Penelope is a book editor working in children’s and adult’s fiction and non-fiction. She began working in publishing over two decades ago and has edited both in house and as a freelancer across genres.
Also a parent, gardener, musician, and children’s book author, she spends as much time as possible in the forest and ocean, all within a stone’s throw of her home in Halifax, Nova Scotia.
Zsofi Koller is a web and print designer living in Lunenburg, Nova Scotia. She is particularly fond of moving her body, reading, and designing beautiful things – so getting to create the designs for a small press with the mission of Uphill Books is a dream come true. On a given day you can find Zsofi getting schooled by her twin daughters, walking her hyperactive young dog by the ocean, and dancing to Daft Punk at her standing desk.

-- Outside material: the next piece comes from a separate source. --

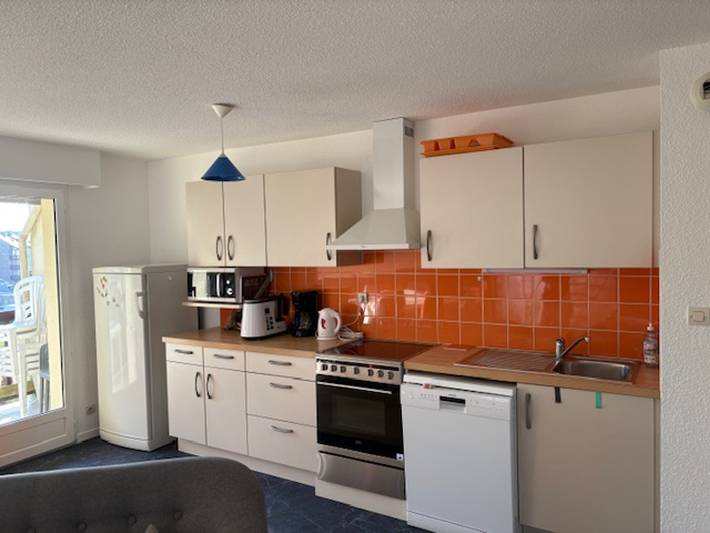 Gîte pour 10 personnes, avec terrasse dans Kerjouanno - 3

Christina helps amplify the innovative efforts of authors by reaching out to influential media professionals and like-minded organizations for book reviews, interviews, author profiles, excerpt placements, and other coverage. She specializes in books on health, nutrition, food, gardening, the environment, and sustainable agriculture. When not chasing after her two young kids, Christina can often be found walking along the shores of Lake Champlain (thank you Katy Bowman!), planning her next DIY home furnishing project, or quietly pondering why she ever decided to take her husband’s last name.
Michael got his start in the book business in high school boxing up returns at the Tattered Cover Bookstore, and has been happily ensnared by the industry ever since: 35 years as a bookseller, magazine editor, and publisher. He loves composting, playing the piano, scuba diving, and hiking in barefoot shoes; and lives with his wife and two dogs in Bellingham, WA.